In church learning and discipleship circles, there’s a lot of discussion at present about the limitations of the ‘course’ as a method of learning.  Short courses or study series’ or this or that provide a good way into a particular topic or a good way of focusing reflection upon it.  However, I’m also aware of their limitations.  If you have, say, a six week course on a particular subject, using a standard format of prayer, study and discussion, and you have eight people in the group and two hours per week to do it all in, how deep can group members really go in exploring what the topic means for them?  There is a strong danger of only generating ‘surface’ learning.  Christian educationalist John Hull has frequently proposed a different, more experiential model, in which the key thrust of a course or series is immersion in a structured experience (e.g., engaging in an unfamiliar activity or context) and only thereafter reflecting upon it.  This offers some scope for taking learners past that difficult stage where much learning stops: that of finishing the course and struggling to know how to put it into practice.  From a different perspective I’m challenged by a story of a church in another country with little access to Bibles or theological education, in which the congregation was instructed on precisely one verse  per month.  Members had to take that verse away, apply it to their lives and report back on the differences they experienced as a result of it.  There is a danger here in that individual verses taken out of context can offer a distorted view of discipleship; however, I’m challenged by the seriousness of commitment to ‘deep learning’; of extracting the maximum from a very small amount of material.  As someone once said of the UK churches, it’s not that we don’t know enough about our faith, but that we fail to put enough of it into practice.

One observation I’ve made from being involved in running several different consultations on different subjects relating to discipleship over the past few years is that when you ask: ‘what would enable us to do this [whatever it is] better’, four areas of response often re-emerge.

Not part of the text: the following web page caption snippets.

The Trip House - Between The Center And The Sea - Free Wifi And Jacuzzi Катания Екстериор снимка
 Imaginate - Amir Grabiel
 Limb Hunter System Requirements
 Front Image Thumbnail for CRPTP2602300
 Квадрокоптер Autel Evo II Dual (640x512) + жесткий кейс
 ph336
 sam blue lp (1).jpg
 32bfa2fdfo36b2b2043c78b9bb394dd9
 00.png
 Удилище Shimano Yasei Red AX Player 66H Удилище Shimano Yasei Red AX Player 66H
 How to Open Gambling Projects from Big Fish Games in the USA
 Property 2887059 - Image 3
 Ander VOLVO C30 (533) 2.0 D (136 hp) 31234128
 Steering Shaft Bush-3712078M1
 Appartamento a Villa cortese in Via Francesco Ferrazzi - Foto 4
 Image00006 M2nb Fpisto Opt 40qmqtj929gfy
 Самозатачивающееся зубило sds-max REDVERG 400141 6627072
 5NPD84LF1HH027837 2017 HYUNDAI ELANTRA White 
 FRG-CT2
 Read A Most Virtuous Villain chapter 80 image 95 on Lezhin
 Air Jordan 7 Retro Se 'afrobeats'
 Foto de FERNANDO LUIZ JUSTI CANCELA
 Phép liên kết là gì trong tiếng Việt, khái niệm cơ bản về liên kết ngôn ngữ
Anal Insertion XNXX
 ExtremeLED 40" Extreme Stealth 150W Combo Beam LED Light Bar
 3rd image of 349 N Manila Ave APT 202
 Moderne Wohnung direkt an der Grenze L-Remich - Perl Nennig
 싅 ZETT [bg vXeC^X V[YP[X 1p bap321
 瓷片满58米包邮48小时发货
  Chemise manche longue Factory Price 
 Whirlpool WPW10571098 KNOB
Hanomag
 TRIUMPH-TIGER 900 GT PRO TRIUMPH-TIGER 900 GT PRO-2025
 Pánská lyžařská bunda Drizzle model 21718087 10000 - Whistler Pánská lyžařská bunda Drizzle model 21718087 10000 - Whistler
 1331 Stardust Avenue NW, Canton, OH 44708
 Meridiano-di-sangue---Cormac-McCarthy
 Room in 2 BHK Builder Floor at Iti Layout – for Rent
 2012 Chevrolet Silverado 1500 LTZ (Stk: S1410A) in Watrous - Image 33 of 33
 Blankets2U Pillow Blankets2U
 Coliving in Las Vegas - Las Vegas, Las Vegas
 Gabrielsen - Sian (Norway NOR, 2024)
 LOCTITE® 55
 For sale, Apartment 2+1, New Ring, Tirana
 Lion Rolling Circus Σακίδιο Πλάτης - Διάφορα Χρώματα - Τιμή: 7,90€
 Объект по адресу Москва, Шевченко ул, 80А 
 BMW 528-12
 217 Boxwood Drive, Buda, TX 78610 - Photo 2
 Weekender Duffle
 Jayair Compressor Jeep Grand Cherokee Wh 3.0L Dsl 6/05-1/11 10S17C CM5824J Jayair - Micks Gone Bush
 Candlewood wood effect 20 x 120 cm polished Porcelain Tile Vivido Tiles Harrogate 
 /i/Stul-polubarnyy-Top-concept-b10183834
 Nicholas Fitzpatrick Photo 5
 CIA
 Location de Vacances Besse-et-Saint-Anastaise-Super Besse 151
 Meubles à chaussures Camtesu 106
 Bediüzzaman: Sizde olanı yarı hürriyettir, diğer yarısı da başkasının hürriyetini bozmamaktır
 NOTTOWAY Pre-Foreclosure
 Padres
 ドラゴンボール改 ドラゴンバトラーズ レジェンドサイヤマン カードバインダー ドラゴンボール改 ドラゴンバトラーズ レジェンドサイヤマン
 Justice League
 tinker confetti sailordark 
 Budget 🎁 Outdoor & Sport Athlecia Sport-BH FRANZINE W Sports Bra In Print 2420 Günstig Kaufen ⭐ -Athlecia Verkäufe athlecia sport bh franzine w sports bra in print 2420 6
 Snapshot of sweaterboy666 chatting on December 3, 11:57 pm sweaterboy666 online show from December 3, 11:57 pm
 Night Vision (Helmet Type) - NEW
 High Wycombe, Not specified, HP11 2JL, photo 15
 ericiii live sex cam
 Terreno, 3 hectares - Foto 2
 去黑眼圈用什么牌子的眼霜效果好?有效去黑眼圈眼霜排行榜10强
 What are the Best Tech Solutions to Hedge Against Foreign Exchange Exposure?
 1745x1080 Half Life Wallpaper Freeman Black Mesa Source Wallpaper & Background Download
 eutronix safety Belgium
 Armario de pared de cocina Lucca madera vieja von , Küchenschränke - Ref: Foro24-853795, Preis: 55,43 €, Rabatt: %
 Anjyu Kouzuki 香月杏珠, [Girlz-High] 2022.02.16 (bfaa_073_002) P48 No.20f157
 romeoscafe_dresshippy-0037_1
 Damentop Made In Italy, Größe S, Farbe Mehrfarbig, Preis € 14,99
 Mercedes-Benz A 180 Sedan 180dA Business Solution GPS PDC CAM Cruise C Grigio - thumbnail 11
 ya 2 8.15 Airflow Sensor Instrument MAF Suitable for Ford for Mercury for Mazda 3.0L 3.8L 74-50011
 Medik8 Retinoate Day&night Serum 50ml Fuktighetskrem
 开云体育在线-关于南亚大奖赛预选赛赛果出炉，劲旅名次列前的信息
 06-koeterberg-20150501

1. the importance of creating spaces – if you think something is important, somewhere along the line, either individually or collectively, you have to give time and space to address it

2. the importance of changing the culture, systems and processes of your organisation, to prioritise and embed into the structures that thing which you are trying to do better.  In other words, to integrate the vision and reality of your community or organisation

3. the importance of finding, modelling and celebrating examples of prophetic action.  Care should be taken not to make people feel guilty for what they are not doing; but at its best, a model or a good story can provide inspiration for further action

4. the importance of rooting and expressing the new thing you want to do better in prayer and worship.  Worship is and should be so central to what we do as Church, and whatever we think is important needs to be brought to God in worship.  More prosaically, it’s clear that much incidental learning occurs through collective prayer and worship, and when we gather to sing and pray this gives clues to Christian discipleship.  The question is what sorts of clues are being given.

I’m now getting to the stage where I’m pretty sure that each of these elements is important.  In some ways, each of these four elements has a parallel in organisational studies – the need to give time, space and attention to what matters, the need to mark, model and celebrate good practice, the need to align values and systems.  But there is also a sense in which looking beyond ‘the course’ and seeking to create a community which learns both intentionally and incidentally, throughout a whole range of activities and intelligences is much more faithful to what whole-life Christian discipleship is about.

I’m not sure if any of this is original thinking – there may well be books on church development which already explore these characteristics, and if there are I’d be interested to know about them.  However, if any of this does happen to be original, please acknowledge that you read it here first!